Window to a brighter future

Another milestone in the regeneration of a landmark building in Irvine has been reached with the reinstatement of the stunning stained glass windows in the A-listed Trinity Church.

The refurbishment of Trinity Church is being led by Irvine Bay Regeneration Company with funding from Historic Scotland and North Ayrshire Council. The building, once derelict, is being transformed to provide a stunning development opportunity.


That took a step nearer reality this week with the reinstatement of the West Rose stained glass window – one of the building’s most distinguishing features. 

Patrick Wiggins, Chief Executive of Irvine Bay Regeneration Company, said: “The work at Trinity Church is a key part of the town centre regeneration project we are carrying out in partnership with North Ayrshire Council and other partners. Restoring the window to its former beauty is not only significant to the character of the building, but is also historically important in its own right as it was one of the first public commissions of Daniel Cottier, a highly respected stained glass artist of his time.”
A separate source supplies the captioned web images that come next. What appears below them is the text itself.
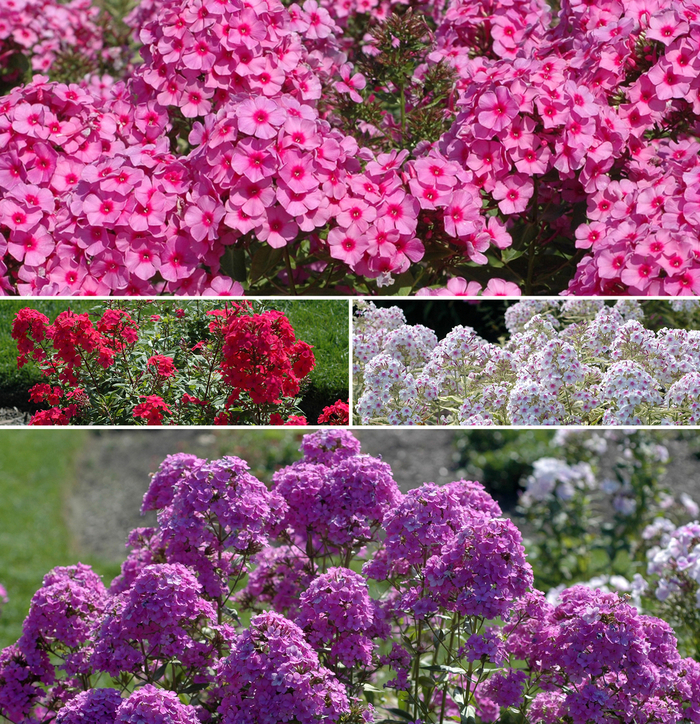 Assorted Garden Phlox - Phlox paniculata (Assorted Garden Phlox) from Betty's Azalea Ranch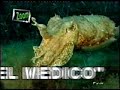 Ustica Ustica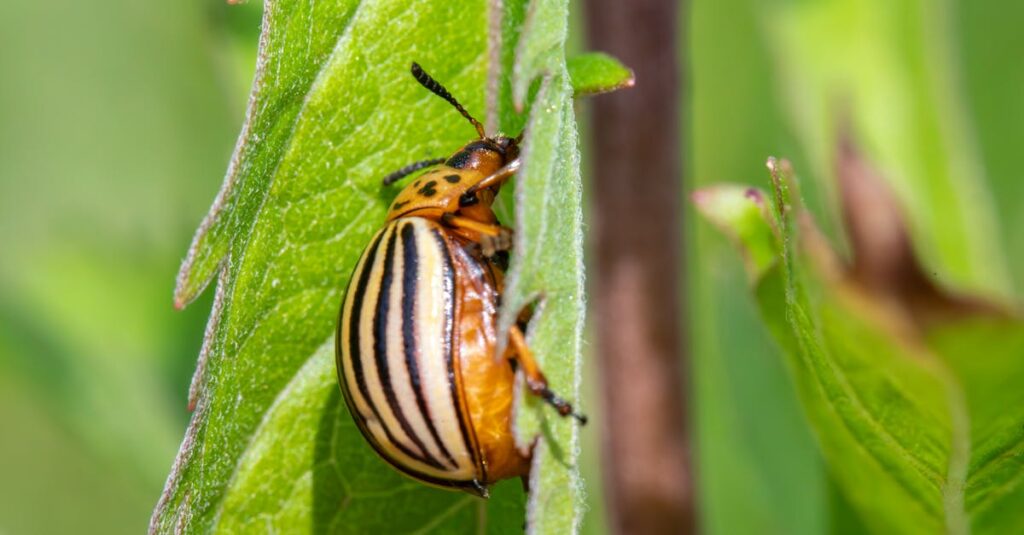 環境に優しい薬剤を使用する害獣駆除の様子。ペットや子どもにも安全な施工を行うイメージ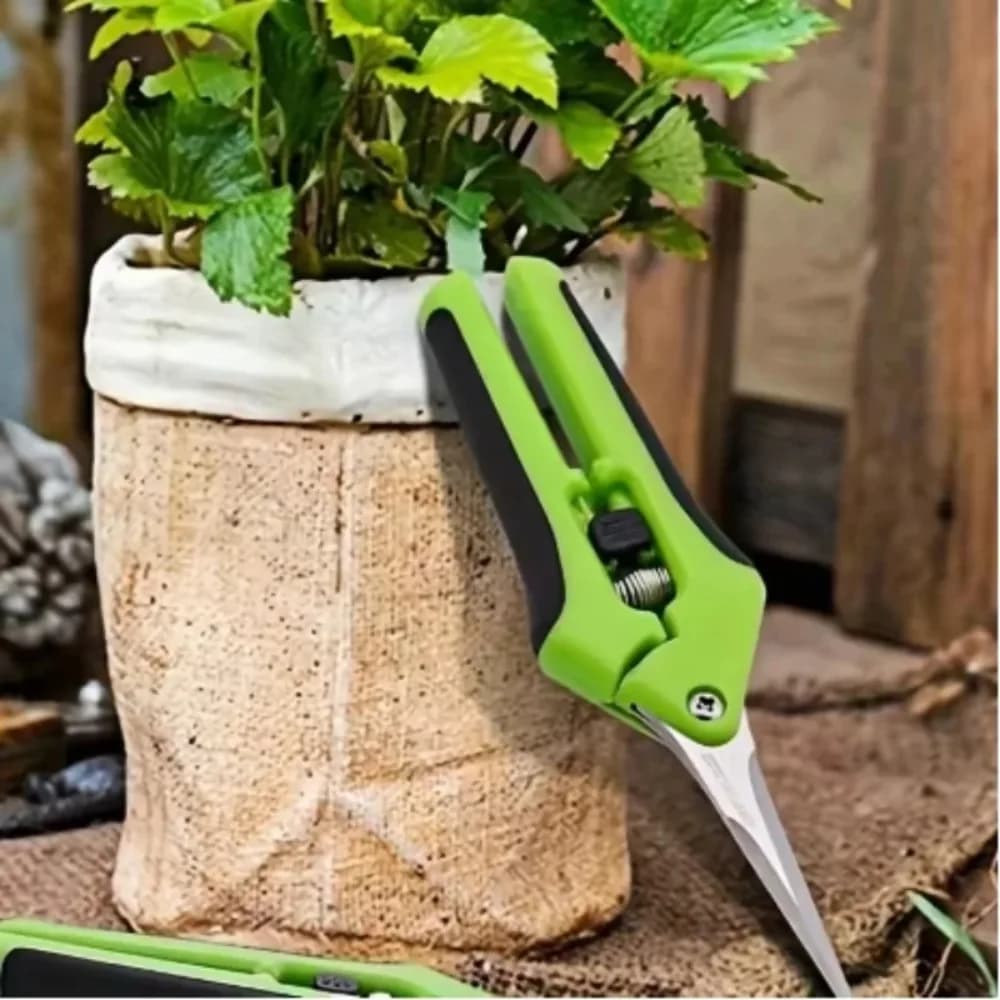 Cesoie da potatura manuali da 6,5 pollici Lame in acciaio inossidabile ad angolo retto per giardinaggio di frutteto di piante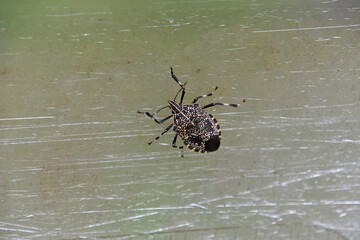 アクリル板の上を移動していたキマダラカメムシ
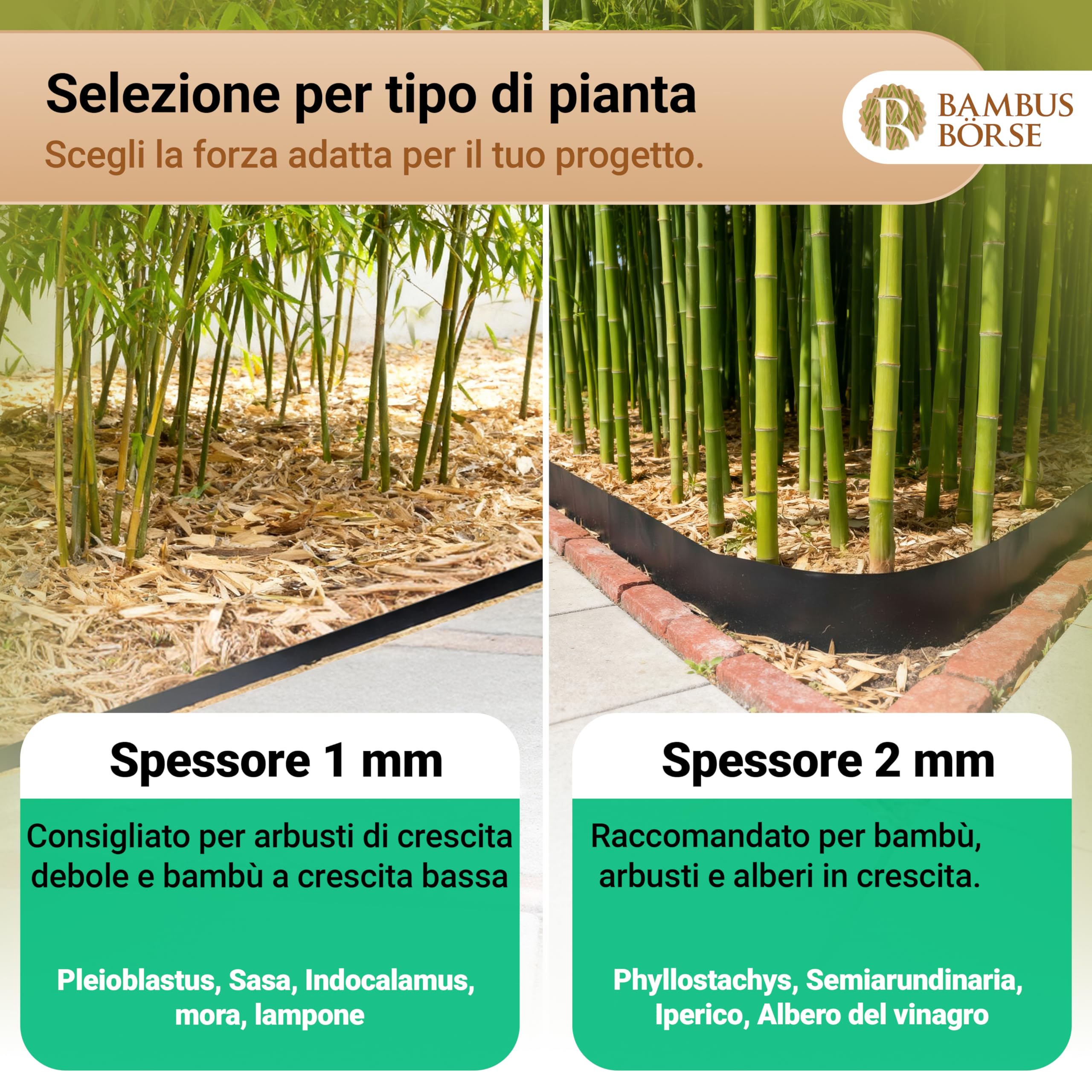 Barriera per Radici - Barriera per rizomi con Binario di bloccaggio Alta 70 cm, Spessa 2 mm, Lunga 20 m - Realizzata in HDPE di Alta qualità - Barriera per rizomi di bambù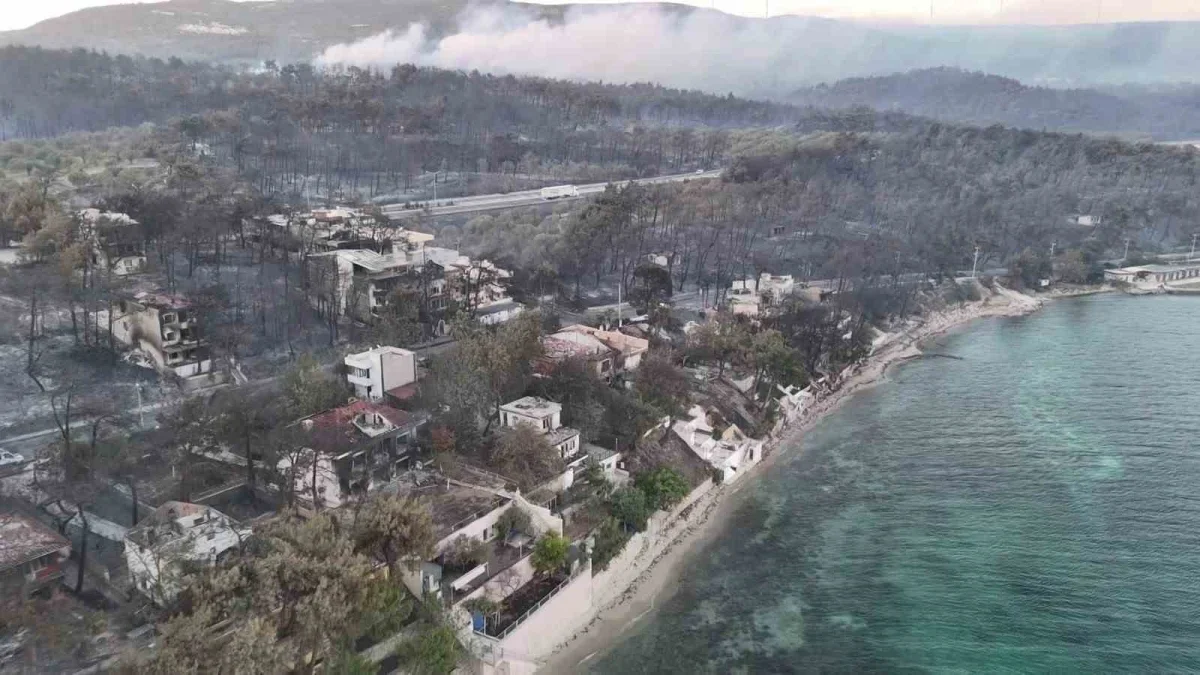 Çanakkale'de yanan orman alanları yeniden yeşeriyor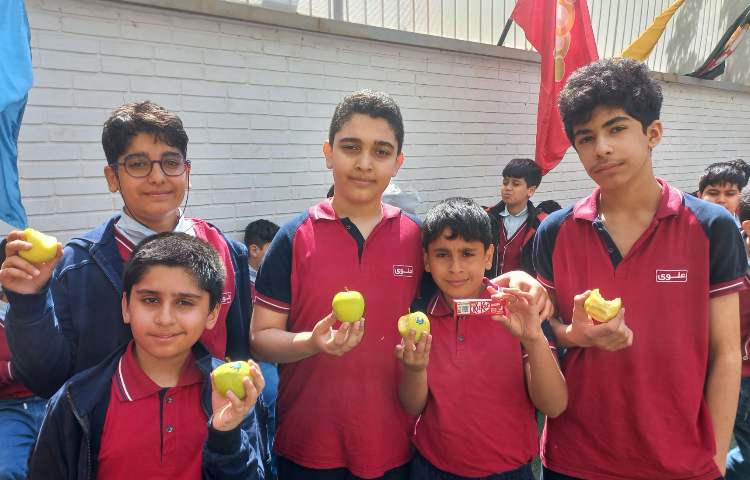 توزیع میان وعده 1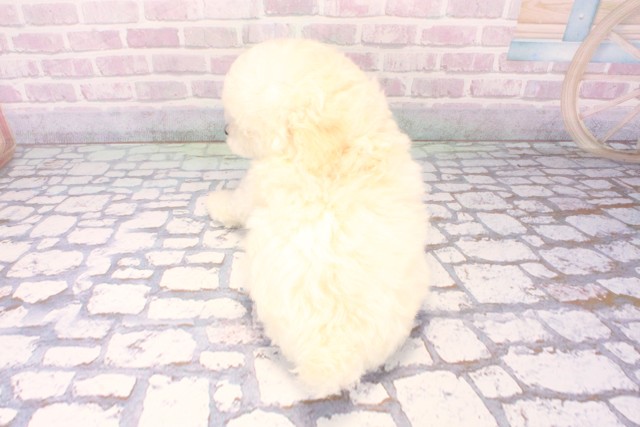 大阪府のトイプードル(トイ) (Coo&RIKU城東古市店/2025年11月19日生まれ/男の子/ホワイト)の子犬の4枚目の画像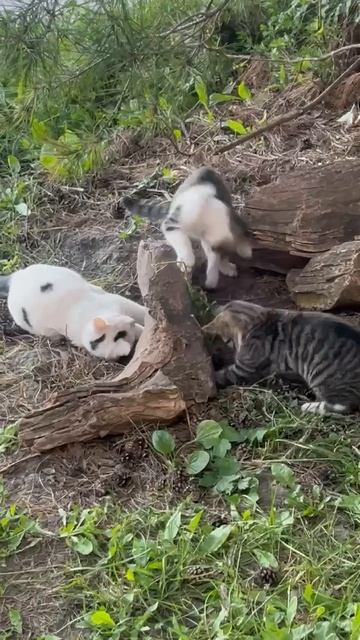 Котятки веселятся
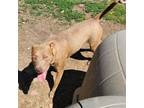 Adopt Mechanic a American Staffordshire Terrier, Mixed Breed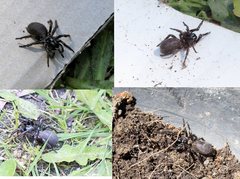 Hadronyche modesta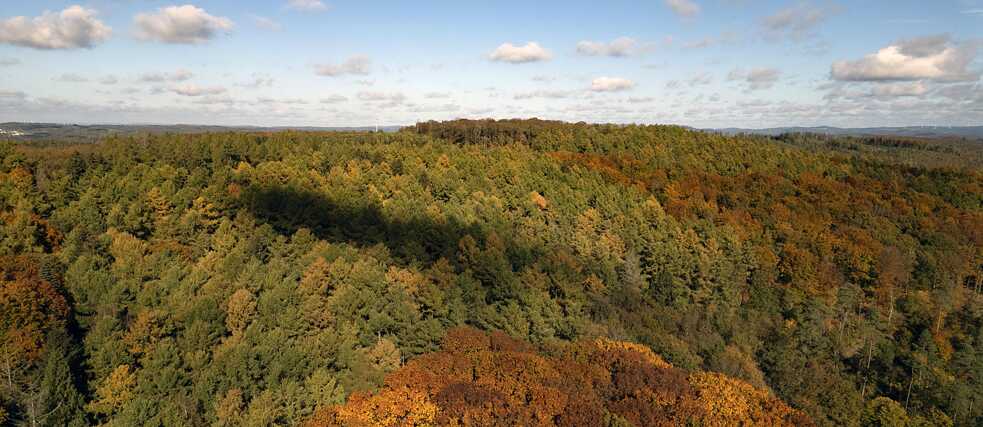 Autumnal vibes in the Siegerland region.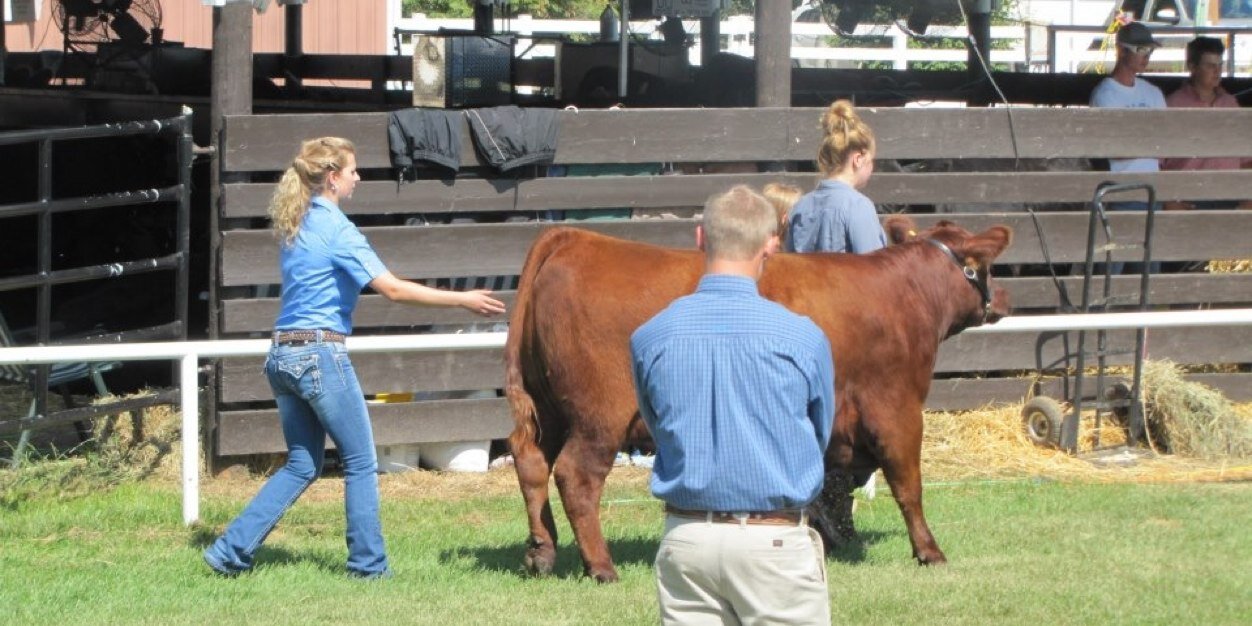 Travis Hunter banner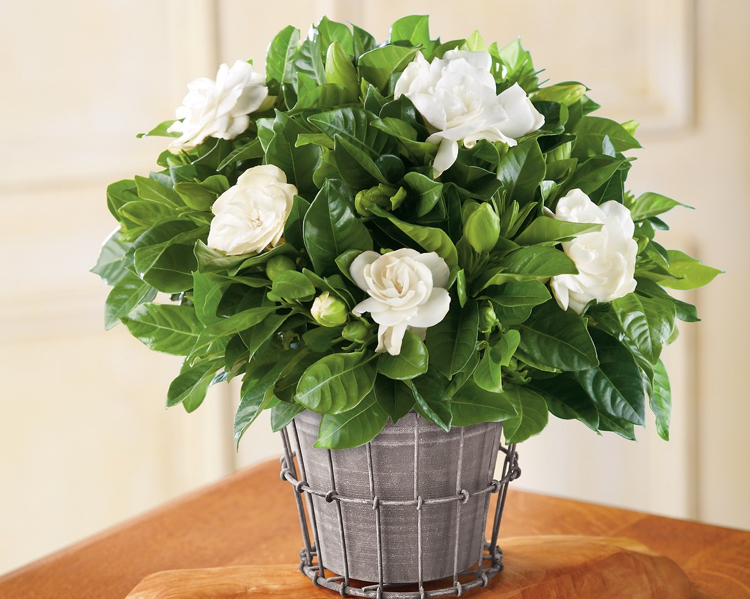 plantes d’intérieur parfumées-gardenia-pot-fleurs-blanches-délicates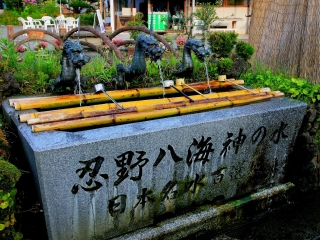 暑假日本游價(jià)格_日本旅游需要多少錢_廣州日本旅游團(tuán)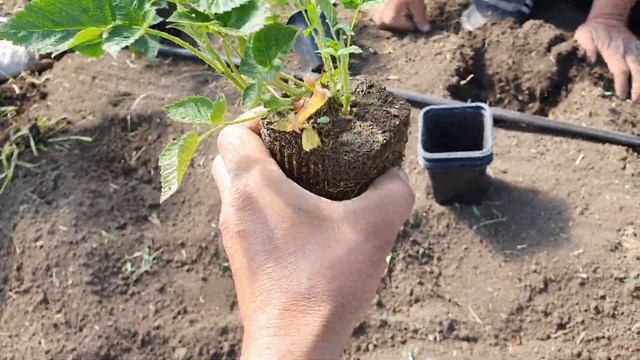 ?Ремонтантный сорт малины Амира. Весенняя посадка саженцев. Перспективный сорт. Увеличиваем площади смотреть онлайн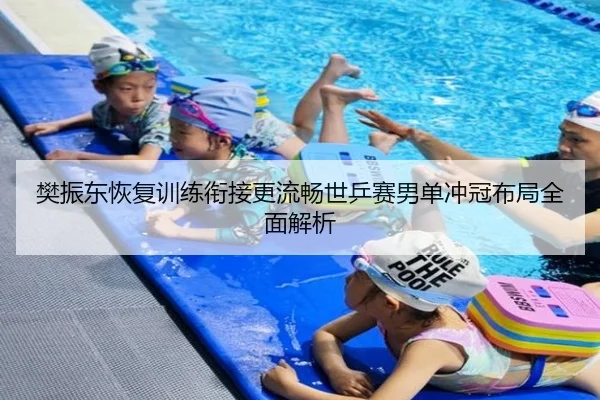 樊振东恢复训练衔接更流畅世乒赛男单冲冠布局全面解析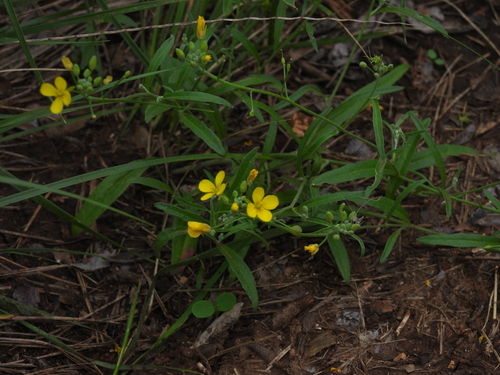 Physaria gordonii, photograph 5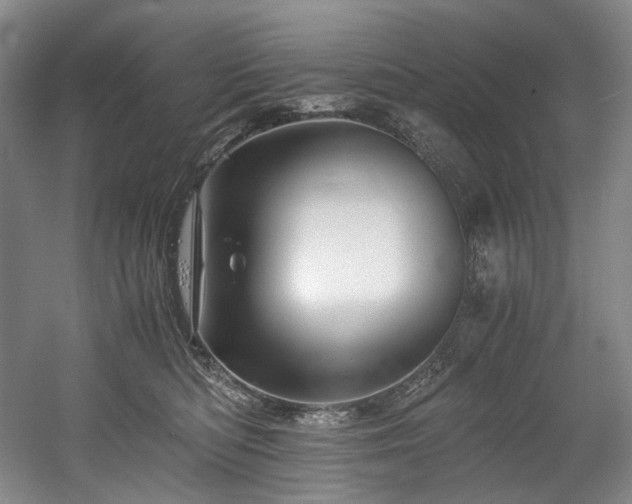 X0000056020422200508191332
The badly damaged stained glass was removed in July 2011 to stop further deterioration. The removal of the glass was a lengthy process, as the location of each piece of glass had to be recorded prior to removal, to ensure it could be reinstated in the correct position. 

Ranald MacInnes, Head of Heritage Management for Historic Scotland, said: “It is tremendous to witness this next step in this exciting project. The work at Trinity is a great example of how a conservation initiative can bring added value to the wider regeneration of an area. I look forward to seeing the restored glass within the setting of the finished building.”

Grant funding for the repairs to the building was received from Historic Scotland as part of the Irvine Town Centre Conservation Area Regeneration Scheme.